◆ WHAT THIS TASK INVOLVES
Repeat the data exactly, so that every line matches the original.

------------

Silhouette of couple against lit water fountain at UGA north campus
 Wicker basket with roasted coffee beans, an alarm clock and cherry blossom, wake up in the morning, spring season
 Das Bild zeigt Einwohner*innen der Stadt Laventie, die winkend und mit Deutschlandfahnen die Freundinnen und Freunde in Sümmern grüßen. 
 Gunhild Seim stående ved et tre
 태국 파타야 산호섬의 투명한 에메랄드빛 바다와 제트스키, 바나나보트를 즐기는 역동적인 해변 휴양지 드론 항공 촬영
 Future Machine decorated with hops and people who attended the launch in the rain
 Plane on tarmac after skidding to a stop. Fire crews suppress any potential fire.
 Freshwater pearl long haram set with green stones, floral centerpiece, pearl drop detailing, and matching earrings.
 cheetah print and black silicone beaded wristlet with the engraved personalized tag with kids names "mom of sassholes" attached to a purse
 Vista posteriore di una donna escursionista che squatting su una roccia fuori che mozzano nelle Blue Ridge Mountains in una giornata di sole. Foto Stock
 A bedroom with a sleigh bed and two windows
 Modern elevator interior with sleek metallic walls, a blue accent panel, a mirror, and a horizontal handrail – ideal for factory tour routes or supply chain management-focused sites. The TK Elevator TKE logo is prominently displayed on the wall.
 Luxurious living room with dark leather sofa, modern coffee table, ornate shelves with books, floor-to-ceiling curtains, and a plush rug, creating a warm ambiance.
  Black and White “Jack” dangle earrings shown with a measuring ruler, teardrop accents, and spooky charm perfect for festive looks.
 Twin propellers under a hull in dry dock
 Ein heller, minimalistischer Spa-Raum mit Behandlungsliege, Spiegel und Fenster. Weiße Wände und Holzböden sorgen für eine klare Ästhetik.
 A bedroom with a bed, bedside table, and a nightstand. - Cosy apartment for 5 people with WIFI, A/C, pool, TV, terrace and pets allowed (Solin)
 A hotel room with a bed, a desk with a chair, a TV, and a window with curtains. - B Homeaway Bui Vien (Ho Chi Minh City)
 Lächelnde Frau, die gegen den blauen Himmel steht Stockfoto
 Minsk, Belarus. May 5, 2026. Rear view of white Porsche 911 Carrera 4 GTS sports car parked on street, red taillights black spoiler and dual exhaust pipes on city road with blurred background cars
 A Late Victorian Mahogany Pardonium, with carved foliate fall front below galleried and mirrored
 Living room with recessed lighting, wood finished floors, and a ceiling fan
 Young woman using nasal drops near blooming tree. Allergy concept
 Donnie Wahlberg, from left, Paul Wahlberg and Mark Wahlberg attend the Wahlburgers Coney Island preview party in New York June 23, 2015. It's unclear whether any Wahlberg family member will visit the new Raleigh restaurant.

------------

◆ FINISHED TASK
Silhouette of couple against lit water fountain at UGA north campus
 Wicker basket with roasted coffee beans, an alarm clock and cherry blossom, wake up in the morning, spring season
 Das Bild zeigt Einwohner*innen der Stadt Laventie, die winkend und mit Deutschlandfahnen die Freundinnen und Freunde in Sümmern grüßen. 
 Gunhild Seim stående ved et tre
 태국 파타야 산호섬의 투명한 에메랄드빛 바다와 제트스키, 바나나보트를 즐기는 역동적인 해변 휴양지 드론 항공 촬영
 Future Machine decorated with hops and people who attended the launch in the rain
 Plane on tarmac after skidding to a stop. Fire crews suppress any potential fire.
 Freshwater pearl long haram set with green stones, floral centerpiece, pearl drop detailing, and matching earrings.
 cheetah print and black silicone beaded wristlet with the engraved personalized tag with kids names "mom of sassholes" attached to a purse
 Vista posteriore di una donna escursionista che squatting su una roccia fuori che mozzano nelle Blue Ridge Mountains in una giornata di sole. Foto Stock
 A bedroom with a sleigh bed and two windows
 Modern elevator interior with sleek metallic walls, a blue accent panel, a mirror, and a horizontal handrail – ideal for factory tour routes or supply chain management-focused sites. The TK Elevator TKE logo is prominently displayed on the wall.
 Luxurious living room with dark leather sofa, modern coffee table, ornate shelves with books, floor-to-ceiling curtains, and a plush rug, creating a warm ambiance.
  Black and White “Jack” dangle earrings shown with a measuring ruler, teardrop accents, and spooky charm perfect for festive looks.
 Twin propellers under a hull in dry dock
 Ein heller, minimalistischer Spa-Raum mit Behandlungsliege, Spiegel und Fenster. Weiße Wände und Holzböden sorgen für eine klare Ästhetik.
 A bedroom with a bed, bedside table, and a nightstand. - Cosy apartment for 5 people with WIFI, A/C, pool, TV, terrace and pets allowed (Solin)
 A hotel room with a bed, a desk with a chair, a TV, and a window with curtains. - B Homeaway Bui Vien (Ho Chi Minh City)
 Lächelnde Frau, die gegen den blauen Himmel steht Stockfoto
 Minsk, Belarus. May 5, 2026. Rear view of white Porsche 911 Carrera 4 GTS sports car parked on street, red taillights black spoiler and dual exhaust pipes on city road with blurred background cars
 A Late Victorian Mahogany Pardonium, with carved foliate fall front below galleried and mirrored
 Living room with recessed lighting, wood finished floors, and a ceiling fan
 Young woman using nasal drops near blooming tree. Allergy concept
 Donnie Wahlberg, from left, Paul Wahlberg and Mark Wahlberg attend the Wahlburgers Coney Island preview party in New York June 23, 2015. It's unclear whether any Wahlberg family member will visit the new Raleigh restaurant.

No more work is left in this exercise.